EPANET Plus represents the evolution of hydraulic modeling from a static, demand-driven calculation to a dynamic, pressure-aware simulation environment. By addressing the physical limitations of the legacy EPANET 2.0 engine—specifically through Pressure-Dependent Demand and GIS integration—it provides water utilities with the tools necessary to model resilience, manage energy, and ensure the reliability of modern water distribution networks. Whether through the upcoming official EPA EPANET 3.0 release or third-party commercial platforms, the "Plus" capabilities are becoming the new industry standard.
EPANET-PLUS is a specialized software extension and interface that merges the core capabilities of the EPANET hydraulic model with EPANET-MSX (Multi-Species eXtension).
Developed primarily as part of the WaterFutures GitHub project, it is designed to simplify complex water distribution network simulations. Core Capabilities
Integrated Simulation Engine: Combines the standard hydraulic and water quality modeling of EPANET with the advanced chemical reaction modeling of EPANET-MSX into a single interface.
Python Connectivity: Serves as the foundation for the EPyT-Flow package, providing a high-level Python interface for researchers to generate hydraulic and water quality scenario data.
Data Export (Historical Context): Earlier iterations of "EPANET PLUS" were used specifically for exporting simulation results into Drawing Exchange Format (DXF), allowing users to open hydraulic network maps directly in AutoCAD.
Bug Fixes: Refined versions of the software have addressed long-standing issues in the original EPANET source code, such as the dislocation of flow arrows and errors in exporting INP files. Common Use Cases
Research & Benchmarking: Often used in academic settings (e.g., University of Łódź) and competitions like the Battle of Water Networks to test control algorithms and leak detection.
Complex Reaction Modeling: Essential for modeling multi-species reactions, such as chlorine decay or disinfection byproduct formation, which standard EPANET cannot handle alone.

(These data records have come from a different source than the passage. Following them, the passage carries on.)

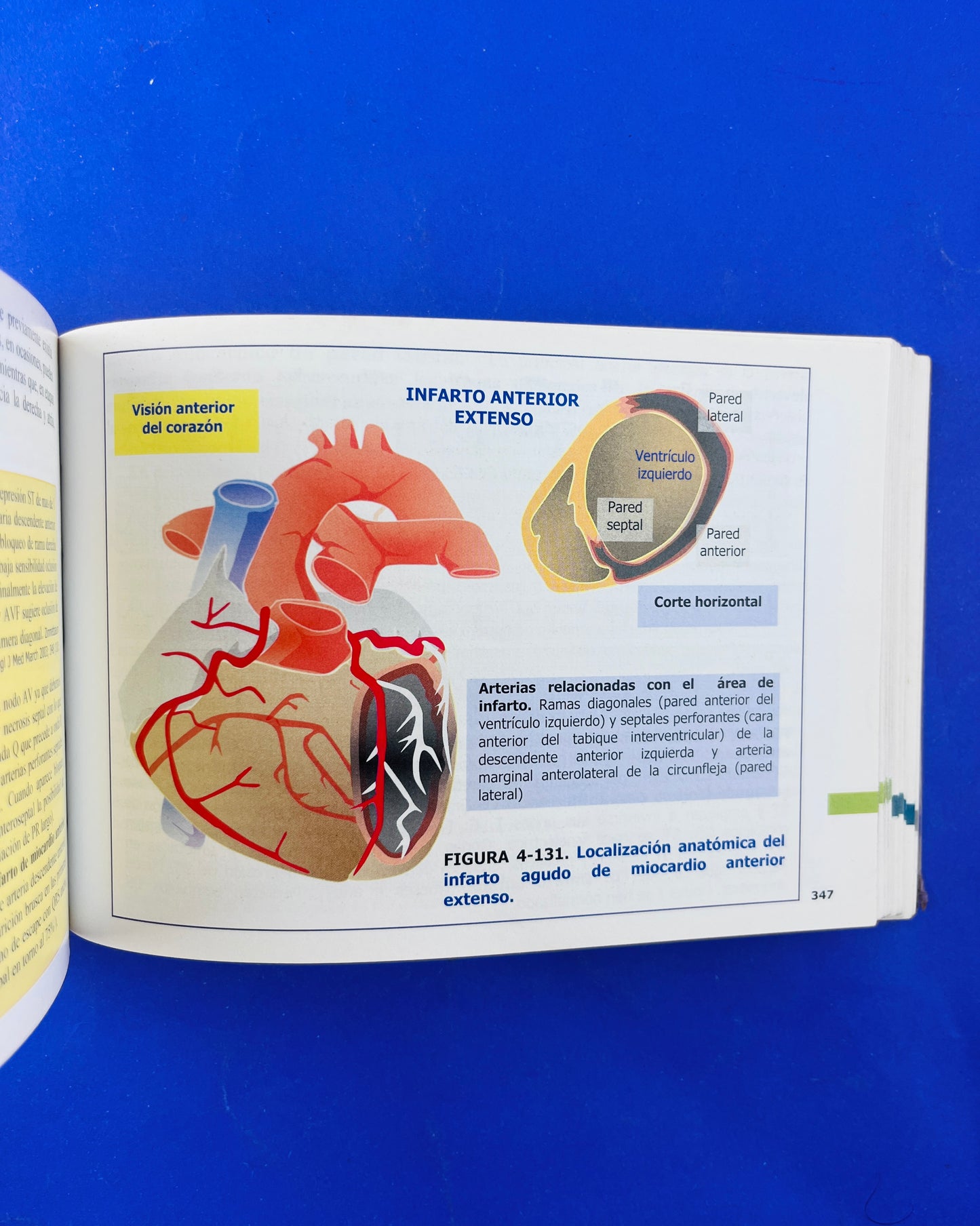 Pautas en eléctrocardiograma ECG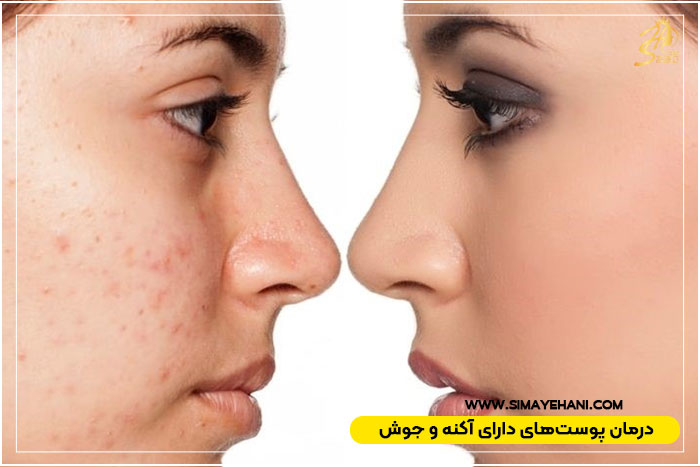 تاثیر پاکسازی پوست بر جوش و آکنه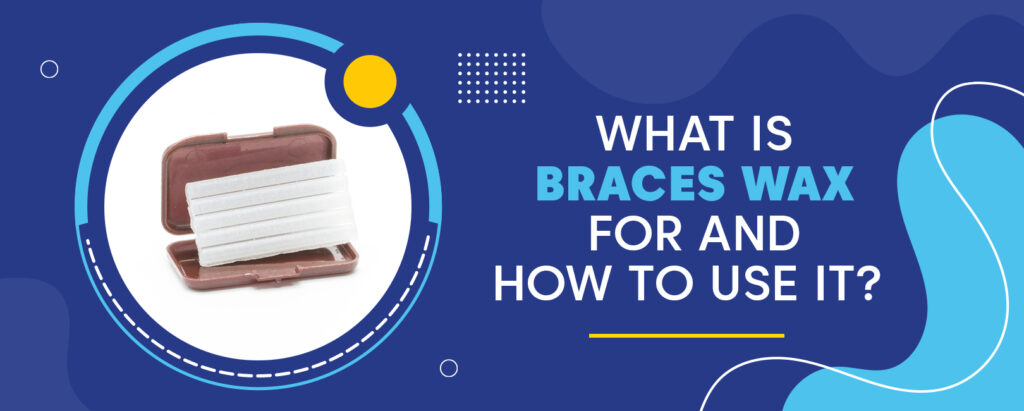 What Is Braces Wax For and How to Use It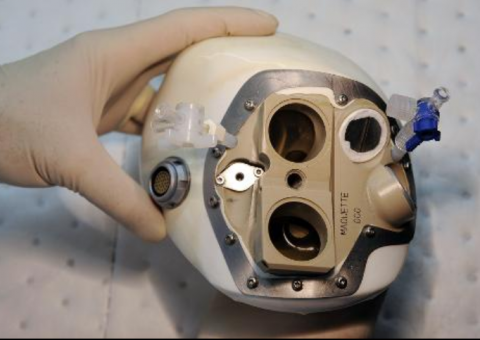 Coração artificial autônomo é implantado em paciente pela primeira vez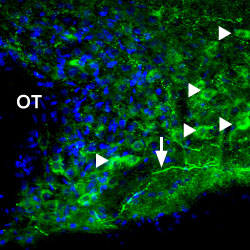 Expression of P2X1 Receptor in rat hypothalamus
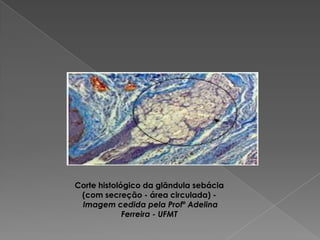Corte histológico da glândula sebácia
(com secreção - área circulada) -
Imagem cedida pela Profº Adelina
Ferreira - UFMT
 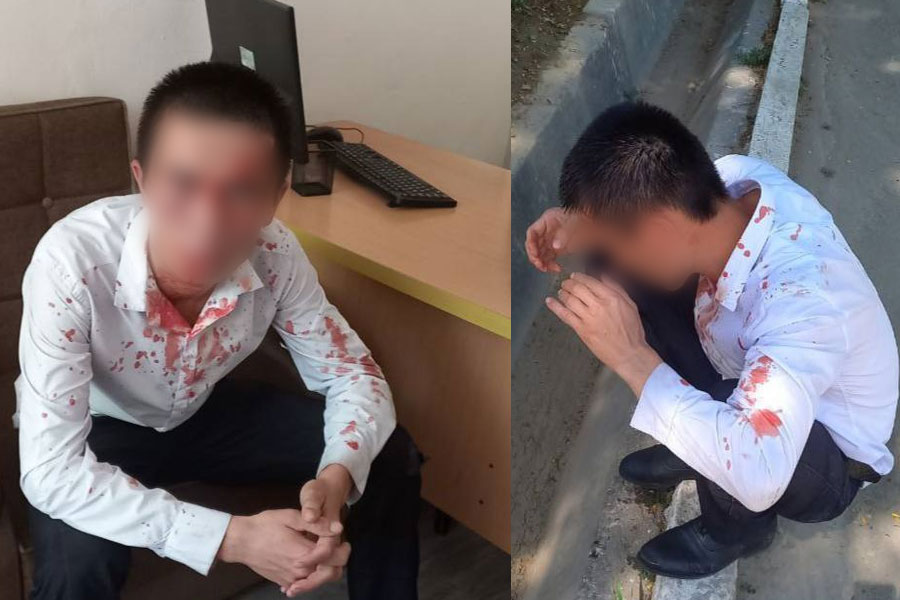 В Ташкенте школьники разбили лицо учителю информатики: мужчину увезла скорая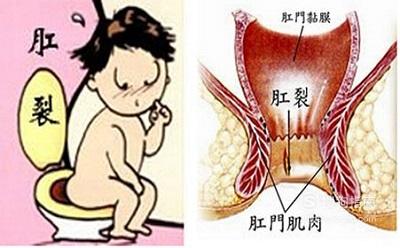 肛门肿痛是怎么回事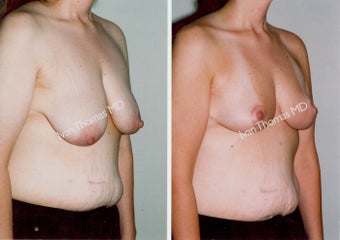 Mastopexy-Breast Lift before 243710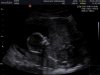 echo 29-01-2015_0.jpg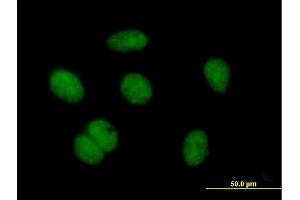 Immunofluorescence of purified MaxPab antibody to ZNF684 on HeLa cell. (ZNF684 Antikörper  (AA 1-378))
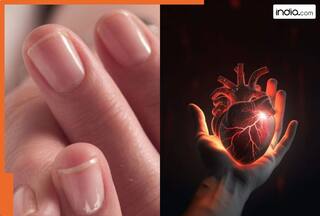 आपके नाखूनों से पता चल सकता है हार्ट अटैक का खतरा....भूलकर भी नजरअंदाज ना करें ये लक्षण
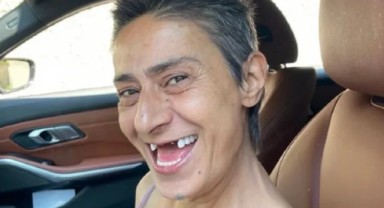 Yıldız Tilbe'nin dişsiz hali gündem olmuştu. Ünlü sanatçının artık dişleri var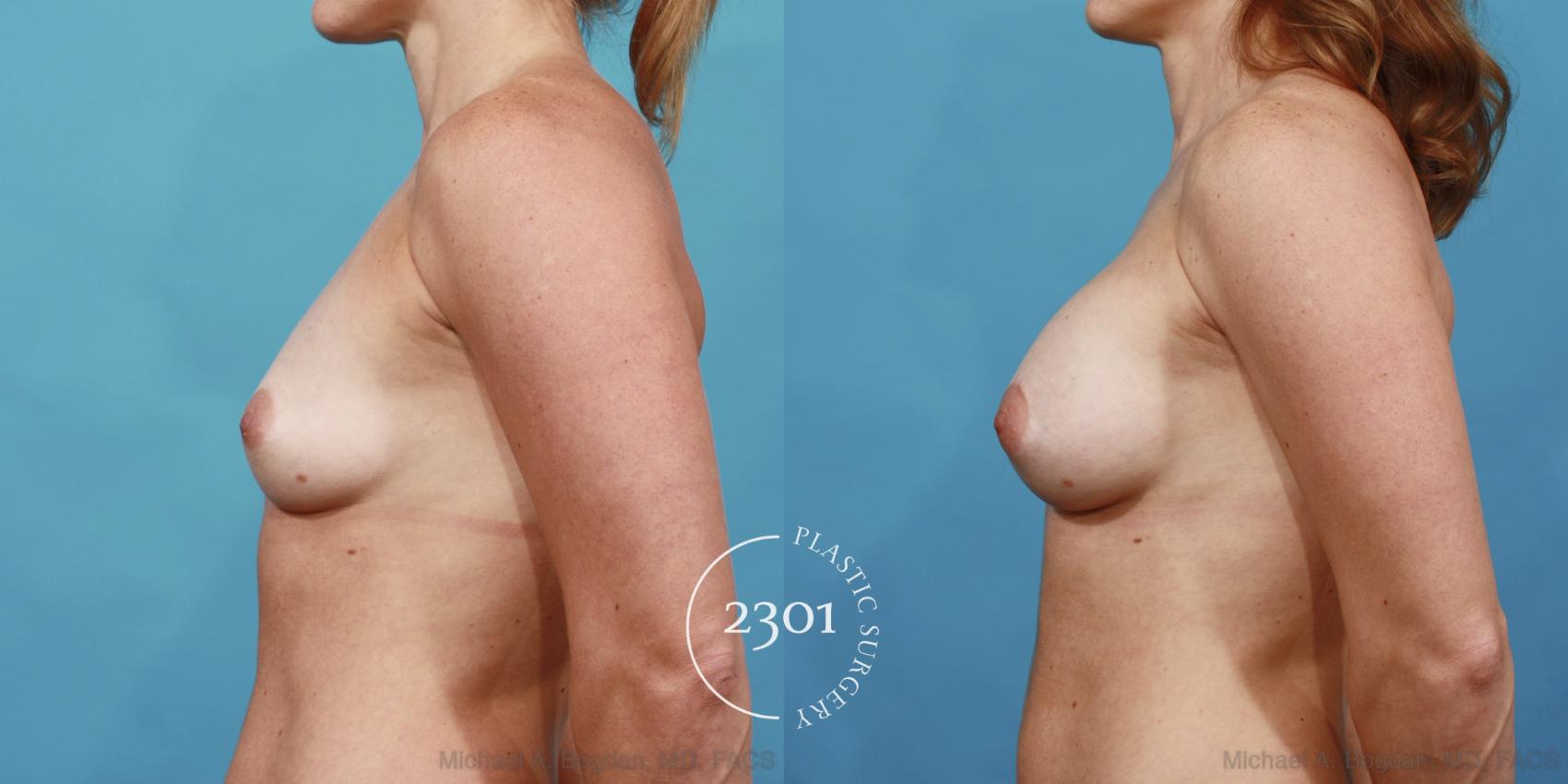 Before & After Silicone Implants Case 474 View #3 View in Fort Worth, Plano, & Frisco, Texas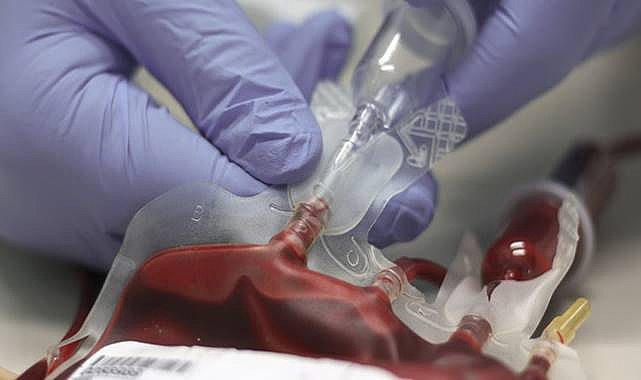 Bryan Johnson'ın Yaşlanma Karşıtı Kan Transfüzyonu: Nasıl çalışır?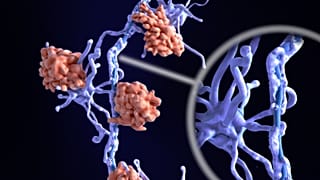Neuron affected by multiple sclerosis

Automated Scenario Generation: Enabling the creation of massive datasets for training machine learning models in the water sector. Related Tools
DXF2EPANET: Used for importing AutoCAD drawings into EPANET. epanet plus
Excel-EPANET: Provides a Visual Basic for Applications (VBA) interface to modify network parameters directly in spreadsheets.
Are you planning to use EPANET-PLUS for a specific research project or for integrating AutoCAD data? ERC Synergy Grant Water Futures - GitHub
This paper outlines the technical profile and functional utility of EPANET PLUS
, an extension of the widely-used EPANET engine designed to bridge the gap between hydraulic simulation and Computer-Aided Design (CAD).
EPANET PLUS: Enhanced Interoperability for Hydraulic Modeling 1. Introduction While the standard EPANET 2.0 engine
provided by the U.S. Environmental Protection Agency is the industry benchmark for hydraulic and water quality simulations, its native visualization and file export capabilities are limited. EPANET PLUS
was developed as a specialized software package to enhance these outputs, specifically focusing on seamless integration with engineering design environments like AutoCAD. 2. Core Technical Development The application was built by modifying the original EPANET 2.0 open-source code
and compiling it using Delphi 7.0. This approach allowed developers to maintain the core calculation accuracy of the original engine while introducing a modernized interface and new functional features. 3. Key Features and Enhancements
EPANET PLUS introduces several critical improvements over the base software: CAD Interoperability
: Its primary function is exporting simulation results directly into Drawing Exchange Format (DXF) , which can be opened and edited within EPANET Plus represents the evolution of hydraulic modeling
: The software addresses known legacy issues in the original EPANET 2.0 release, such as the frequent dislocation of flow arrows and errors occurring during the export of Visual Clarity
: It aims to make EPANET outputs more readable and user-friendly for presentation in technical reports. 4. Academic and Professional Context
EPANET PLUS has been utilized in international academic environments and professional training programs. For example, it is recognized as a tool for undergraduate and master's level research within the University of Lodz
international programs, often used alongside other hydraulic modeling suites like and EMERGE. 5. Conclusion
By resolving visualization bugs and providing a direct path to CAD environments, EPANET PLUS serves as a vital utility for engineers who require high-fidelity design documentation alongside their hydraulic calculations. It represents a significant step in the evolution of open-source water modeling tools toward professional design workflows. (such as IEEE or APA) or expand on the installation requirements for this tool? Resume - Welcome to Baoyu Zhuang's personal website
Leakage can be modeled as pressure-dependent outflows at nodes or along pipes. Users define emitter coefficients, and EPANET Plus calculates leak flow as ( Q = C \cdot P^0.5 ) (or with custom exponent). This is critical for water loss management.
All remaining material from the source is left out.